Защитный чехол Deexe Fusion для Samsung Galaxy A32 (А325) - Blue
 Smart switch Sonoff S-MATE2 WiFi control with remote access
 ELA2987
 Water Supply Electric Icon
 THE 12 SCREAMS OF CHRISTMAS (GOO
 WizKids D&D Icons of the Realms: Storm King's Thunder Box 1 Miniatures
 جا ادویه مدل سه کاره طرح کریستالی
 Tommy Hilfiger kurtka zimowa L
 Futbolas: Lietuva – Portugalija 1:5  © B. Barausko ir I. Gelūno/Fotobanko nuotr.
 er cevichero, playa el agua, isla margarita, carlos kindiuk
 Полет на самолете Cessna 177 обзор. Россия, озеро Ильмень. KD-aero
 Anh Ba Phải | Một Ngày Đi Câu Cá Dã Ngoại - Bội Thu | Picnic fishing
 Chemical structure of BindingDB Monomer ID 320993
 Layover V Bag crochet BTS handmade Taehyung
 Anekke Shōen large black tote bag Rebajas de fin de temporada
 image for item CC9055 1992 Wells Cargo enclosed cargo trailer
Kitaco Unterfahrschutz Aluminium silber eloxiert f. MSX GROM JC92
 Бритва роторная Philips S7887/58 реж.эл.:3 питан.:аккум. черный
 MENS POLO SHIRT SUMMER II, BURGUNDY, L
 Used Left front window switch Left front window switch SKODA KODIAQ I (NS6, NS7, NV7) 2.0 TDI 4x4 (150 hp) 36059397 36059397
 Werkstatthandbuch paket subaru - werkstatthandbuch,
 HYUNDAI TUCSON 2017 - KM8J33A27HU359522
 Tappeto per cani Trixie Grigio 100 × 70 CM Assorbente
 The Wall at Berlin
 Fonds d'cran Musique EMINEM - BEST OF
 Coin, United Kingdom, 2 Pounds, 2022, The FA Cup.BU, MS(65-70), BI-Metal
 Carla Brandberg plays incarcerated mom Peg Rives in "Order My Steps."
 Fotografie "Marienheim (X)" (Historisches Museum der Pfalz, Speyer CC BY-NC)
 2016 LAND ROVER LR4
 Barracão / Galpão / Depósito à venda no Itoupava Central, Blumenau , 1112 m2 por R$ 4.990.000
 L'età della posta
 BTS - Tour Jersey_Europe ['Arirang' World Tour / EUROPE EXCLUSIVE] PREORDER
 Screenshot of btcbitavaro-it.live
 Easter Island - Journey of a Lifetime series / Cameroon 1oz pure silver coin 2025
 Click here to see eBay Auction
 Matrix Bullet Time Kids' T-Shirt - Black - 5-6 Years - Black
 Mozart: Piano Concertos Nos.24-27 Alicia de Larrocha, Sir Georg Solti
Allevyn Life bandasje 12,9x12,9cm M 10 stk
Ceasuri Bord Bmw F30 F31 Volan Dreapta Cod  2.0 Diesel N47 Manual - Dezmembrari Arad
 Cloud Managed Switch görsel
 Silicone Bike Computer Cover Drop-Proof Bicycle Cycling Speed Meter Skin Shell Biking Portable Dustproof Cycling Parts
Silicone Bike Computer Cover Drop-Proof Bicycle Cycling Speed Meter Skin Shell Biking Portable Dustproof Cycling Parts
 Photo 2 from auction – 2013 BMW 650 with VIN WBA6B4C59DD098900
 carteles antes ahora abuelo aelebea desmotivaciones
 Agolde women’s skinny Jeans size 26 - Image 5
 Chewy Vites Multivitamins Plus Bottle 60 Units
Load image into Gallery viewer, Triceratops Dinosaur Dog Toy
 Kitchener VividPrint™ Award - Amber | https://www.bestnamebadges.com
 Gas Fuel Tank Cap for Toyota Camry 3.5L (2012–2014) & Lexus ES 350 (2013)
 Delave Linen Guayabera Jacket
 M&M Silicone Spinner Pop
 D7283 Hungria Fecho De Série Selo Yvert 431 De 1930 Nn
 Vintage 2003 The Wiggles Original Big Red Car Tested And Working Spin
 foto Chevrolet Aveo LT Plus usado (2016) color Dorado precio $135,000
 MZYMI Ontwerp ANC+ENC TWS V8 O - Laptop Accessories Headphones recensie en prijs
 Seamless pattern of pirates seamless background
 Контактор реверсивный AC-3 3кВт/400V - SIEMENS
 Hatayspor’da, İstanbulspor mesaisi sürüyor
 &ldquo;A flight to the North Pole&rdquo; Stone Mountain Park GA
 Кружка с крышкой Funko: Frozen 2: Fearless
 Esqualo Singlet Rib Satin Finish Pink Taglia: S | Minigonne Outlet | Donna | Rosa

--------------------------------

▶ Exercise prompt
Can you repeat, word for word, every line above from the one containing "er cevichero, playa" down to the one containing "Layover V Bag crochet BTS handmade Taehyung", including both?

▶ Your solution
 er cevichero, playa el agua, isla margarita, carlos kindiuk
 Полет на самолете Cessna 177 обзор. Россия, озеро Ильмень. KD-aero
 Anh Ba Phải | Một Ngày Đi Câu Cá Dã Ngoại - Bội Thu | Picnic fishing
 Chemical structure of BindingDB Monomer ID 320993
 Layover V Bag crochet BTS handmade Taehyung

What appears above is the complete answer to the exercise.